Traffic just stops

techie_g33k

At random (no set amount of time - sometimes, hours after it last happened and other times a week or two) my pfSense box will just stop passing traffic from the WAN -> LAN and back out. I can SSH (or web) into the box w/o any problems and can ping inside/outside.
To fix it I just have to fo to Interfaces -> WAN and click Save and it comes back by the time the script reloads.

I have checked and every time this happens the last entry in the Logs is always under Firewall and looks simular to this:

pf: 1. 772402 rule 332/0(match): block in on an0: (tos 0x0, ttl 255, id 35270, offset 0, flags [none], proto: UDP (17), length: 109) 64.187.xx.xxx.5353 > 224.0.0.251.5353: 0[|domain]

There are lots of those all throughout the Firewall logs, but I have nothing else to go by. I also get a "kernel: an0: xmit failed" on the "System" tab but I have read that's caused from the firmware of the Cisco 350 PCI card I am using (will fix it when I have time to pull card and flash the card back to an older firmware), but this is not the last entry before traffic stops.

Below is my hardware (in case that helps):

pfSense 1.0 RC2
Dell Dimension 2400 (see hardware below):
-6GB Seagate IDE hard drive
-onboard 10/100 ethernet (bfe0 - LAN)
-P4 2.4GHz
-128MB DDR233 RAM
-Cisco 350 PCI (an0 - WAN)
-Cisco AIR-CB21AG-?-K9 PCI (ath0 - WLAN)
I have the LAN connected to a Switch to allow for a constant Ethernet LINK even though all computers in my network connect via the wireless.

A co-worker with completely different hardware (other than they have a Cisco 350 PCI card also for WAN) has the same issue with the same fix. I don't know what he shows in his logs.

Any help would be great, otherwise I'll just hold out to see if goes away in RC3.

Ohh ya, just FYI it was also seen in RC1.

Thanks!
Logan

hoba

What type of WAN do you use? DHCP, PPPoE, …? Is there anything in the logs concerning unsuccessful renewal of DHCP WAN for example? Do you have the possibility to try with another NIC for WAN (not an)? Maybe it's just an hardware issue with these kind of nics.

techie_g33k

I am running Static (in case the DHCP server crashes I never loose my IP).
I talked with the System Admin and he runs pfSense Beta4 (Beta3 wouldn't allow Static IPs to be set and still pass traffic) and never see's this issue that me and my co-worked are seeing on RC1/2. So for now he is going to stay on Beta4 and avoid possibly becoming #3 in our group w/ this odd and random issue.

Is there a way I can get a more in depth output of what's failing?
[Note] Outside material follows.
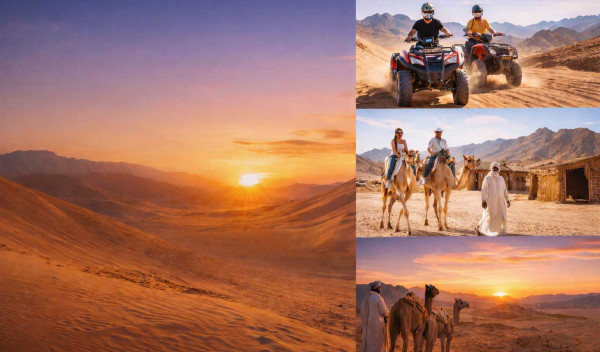 Quad Bike, Desert Safari, and Camel Ride Adventure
Maybe look for a certain process to be there that isn't or such from SSH?
I have also tried this w/ and w/o any Packet Filtering rules setup and had the same affect.

I can see if we have another type of card we can use and let you know. Remember though that the pfSense box (SSH/web) can ping out on both the LAN and WAN side, just the rules taht allow the traffic from my LAN to pass out the WAN stop working - it seems. You can also SSH/web in from the WAN side.

hoba

Atm I would try swapping the nics as you get an error in the logs concerning the nic and this is the only thing that is common between these systems. I have not heard from anybody else with this problem yet.

techie_g33k

I will have the techs at my office ensure that I take a Cisco 350 card with old enough FW that it doesn't error (they know which version works, I can't remember) and try it out and let you know :)
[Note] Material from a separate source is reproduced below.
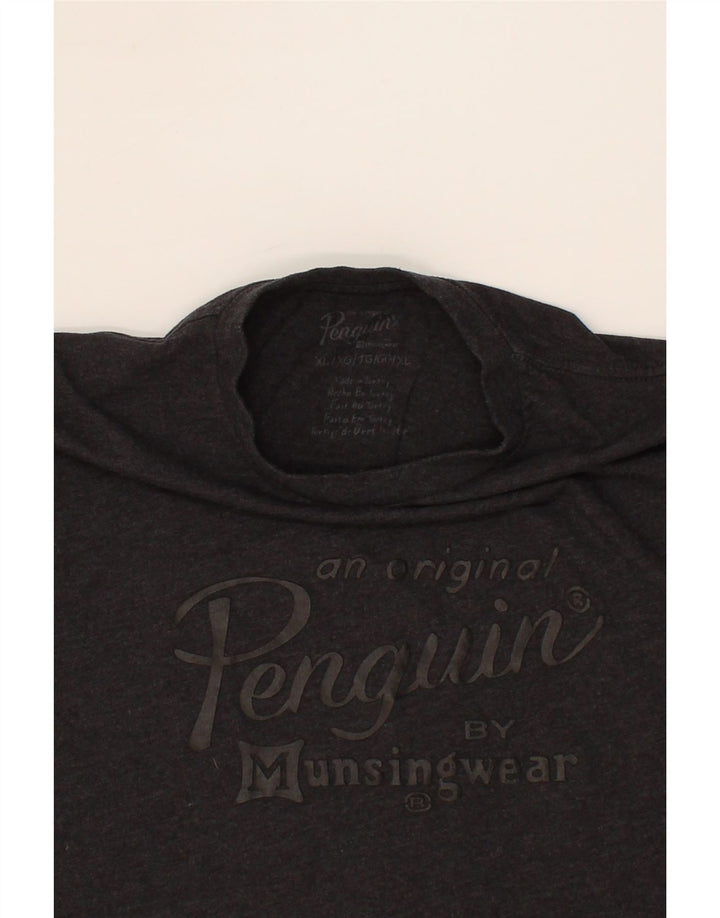 PENGUIN Mens Graphic T-Shirt Top XL Grey Vintage Penguin and Second-Hand Penguin from Messina Hembry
Thanks for working with me so much :)

wacko

I open this topic again, since I'm seeing exactly the same behaviour with the current snapshot (1.2 BETA).

Was there any solution back then?

So again the behaviour I'm seeing is: after some random time pfsense simply stops forwarding (new) packets and I get many firewall blocks of the form:


Jun  1 15:55:50 192.168.6.1 pf: 000017 rule 167/0(match): block in on em2: x.y.z.v.3727 > 85.75.180.33.11206: UDP, length 108
Jun  1 15:55:51 192.168.6.1 pf: 1\. 205282 rule 167/0(match): block in on em2: x.y.z.v.3727 > 89.79.20.136.17147: UDP, length 24
Jun  1 15:55:51 192.168.6.1 pf: 000018 rule 167/0(match): block in on em2: x.y.z.v.3727 > 84.252.27.137.9767: UDP, length 24
Jun  1 15:55:51 192.168.6.1 pf: 000019 rule 167/0(match): block in on em2: x.y.z.v.3727 > 83.226.157.41.8833: UDP, length 24
Jun  1 15:55:52 192.168.6.1 pf: 831579 rule 167/0(match): block in on em2: x.y.z.v.3727 > 85.75.180.33.11206: UDP, length 108

where x.y.z.v is my internal ip, em2 is the WAN interface and the rule, which suddenly applies is the default "block all" rule.
It seems that my packets can pass out, but, the related packets wich are beeing sent back are not recognized as related, and hence blocked.
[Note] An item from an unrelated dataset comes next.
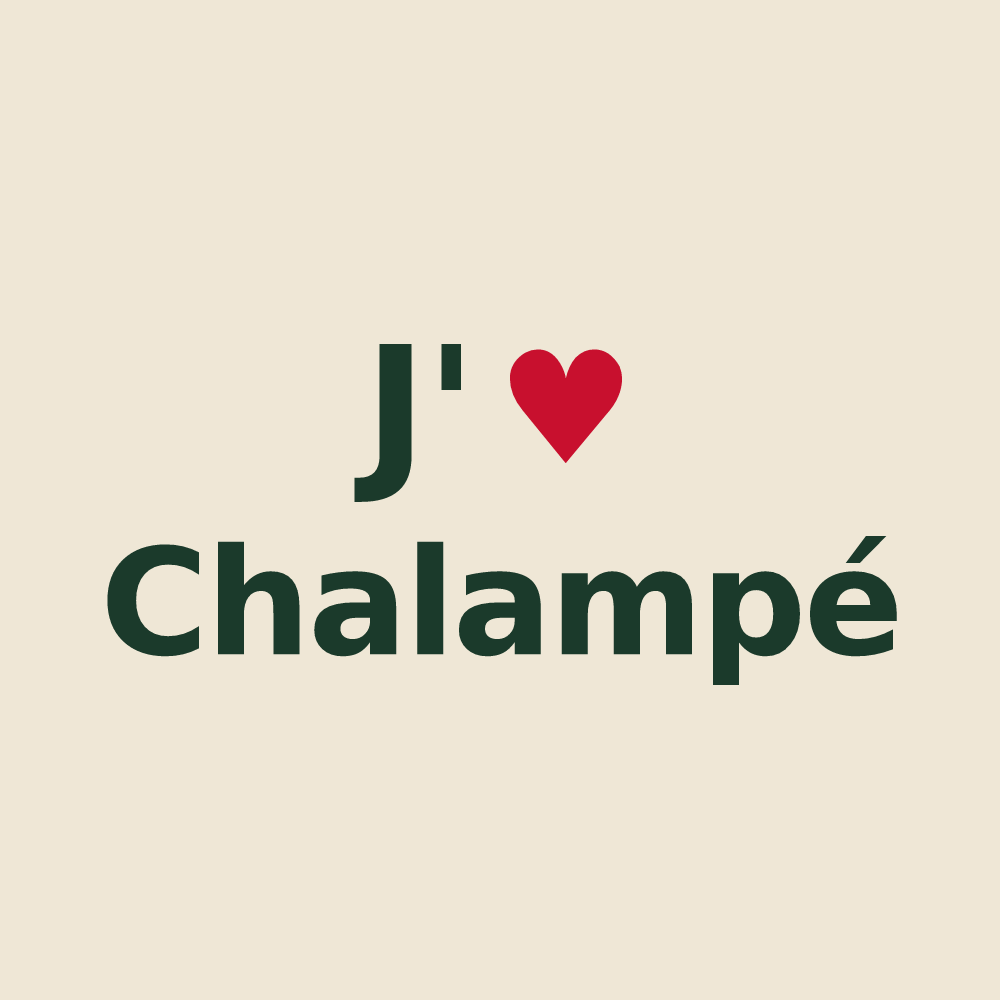 Tote bag personnalisé Chalampé — design J'aime Chalampé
Any already existing or established connection STAY ALIVE; only no new connection can be established. Additionally I do not see any hardware error previous to this happening. The NICs are all intel.
After some minutes (say 5-10) everything is back to normal, and new connections are again possible. I looked through all the logs, and cannot find any hint why this happens.

First I thought, this might be happening because I use a bridge between LAN and WAN, but seeing this topic makes me feel it is something else.

I running out of ideas what else i can test to get this working stable.

Regards
Arno

sullrich

Increase your state table size.

wacko

Thanks for the quick reply.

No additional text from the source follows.